Group equivariant non-expansive operators (GENEOs) have been recently introduced as mathematical tools for approximating data observers, when data are represented by real-valued or vector-valued functions. The use of these operators is based on the assumption that the interpretation of data depends on the geometric properties of the observers. In this talk we will illustrate some results in the theory of GENEOs, showing how these operators could be used for topological data analysis and geometric deep learning.
Filipa Valdeira, Università degli Studi di Milano
Gaussian Processes for shape modelling and registration
Gaussian Processes are a powerful framework to perform shape modelling and registration in a unified manner. We will present this framework from both a theoretical and practical point of view, looking at recent developments, as well as their limitations. We will then introduce a novel probabilistic registration problem for this setting, together with its application to the challenging case of ear modelling.

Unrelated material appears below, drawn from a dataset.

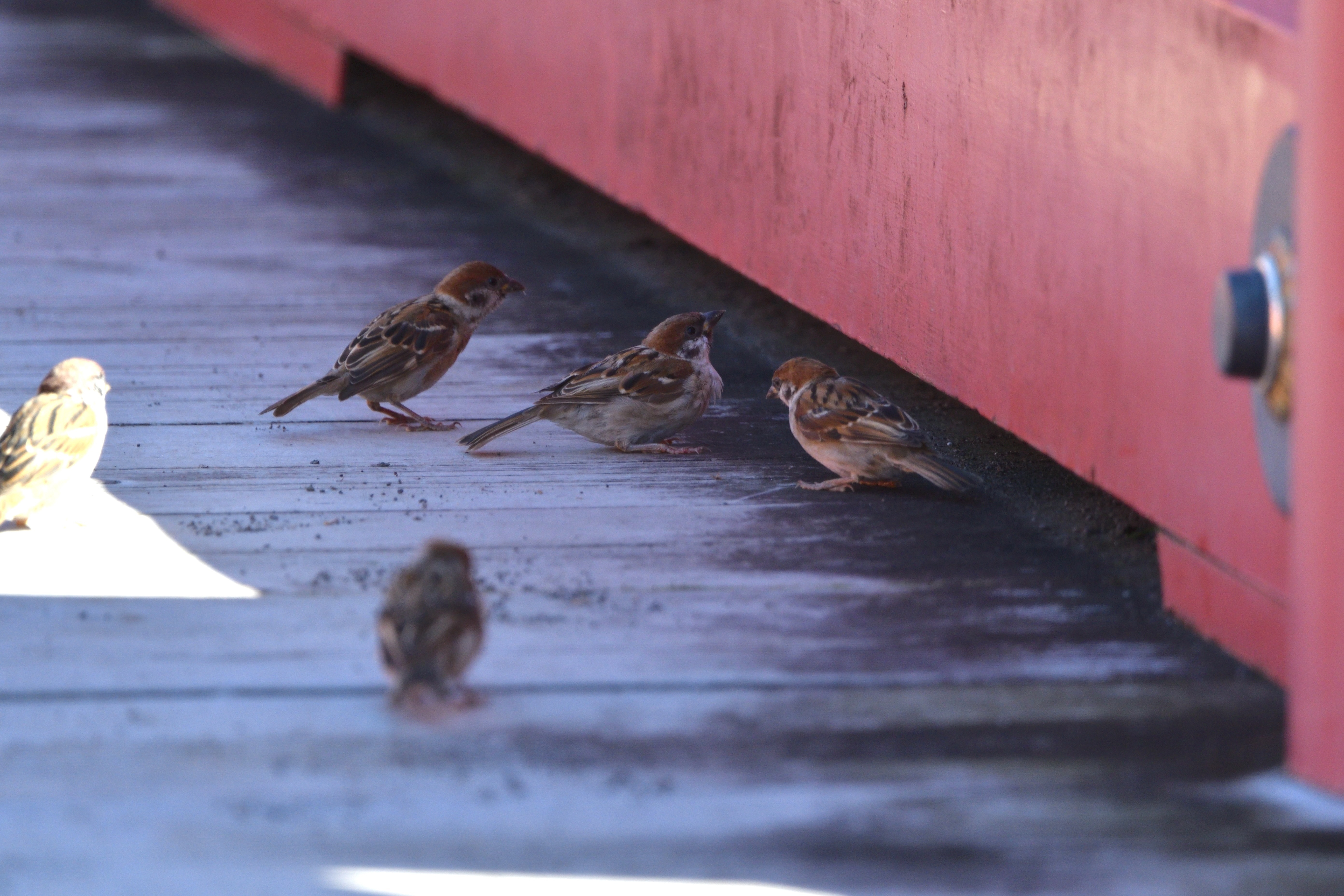 すずめ__04.JPG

Rongjiao Ji, Università degli Studi di Milano
Group pattern detection of longitudinal data using a functional statistics framework
Estimations and evaluations of the main patterns of time series data in groups benefit large amounts of applications in various fields. Different from the classical auto-correlation time series analysis and the modern neural networks techniques, in this paper we propose a combination of functional analysis of variance (FANOVA) and permutation tests in a more intuitive manner for a limited sample size. First, FANOVA is applied in order to separate the common information and to dig out the additional categorical influence through paired group comparison, the results of which are secondly analyzed through permutation tests to identify the time zones where the means of the different groups differ significantly. Normalized kernel functions of different groups are able to reflect remarkable mean characteristics in grouped unities, also meaningful for deeper interpretation and group-wise classification. In order to learn whether and when the proposed method of FANOVA and permutation F-test works precisely and efficiently, we compare the estimated kernel results with the ground truth on simulated data. After the confirmation of the model’s efficiency from simulation, we apply it also to the RAVDESS facial dataset to extract the emotional behaviors of humans based on facial muscles contractions (also called action units (AU) technically in computer graphics), by comparing the neutral performances with emotional ones.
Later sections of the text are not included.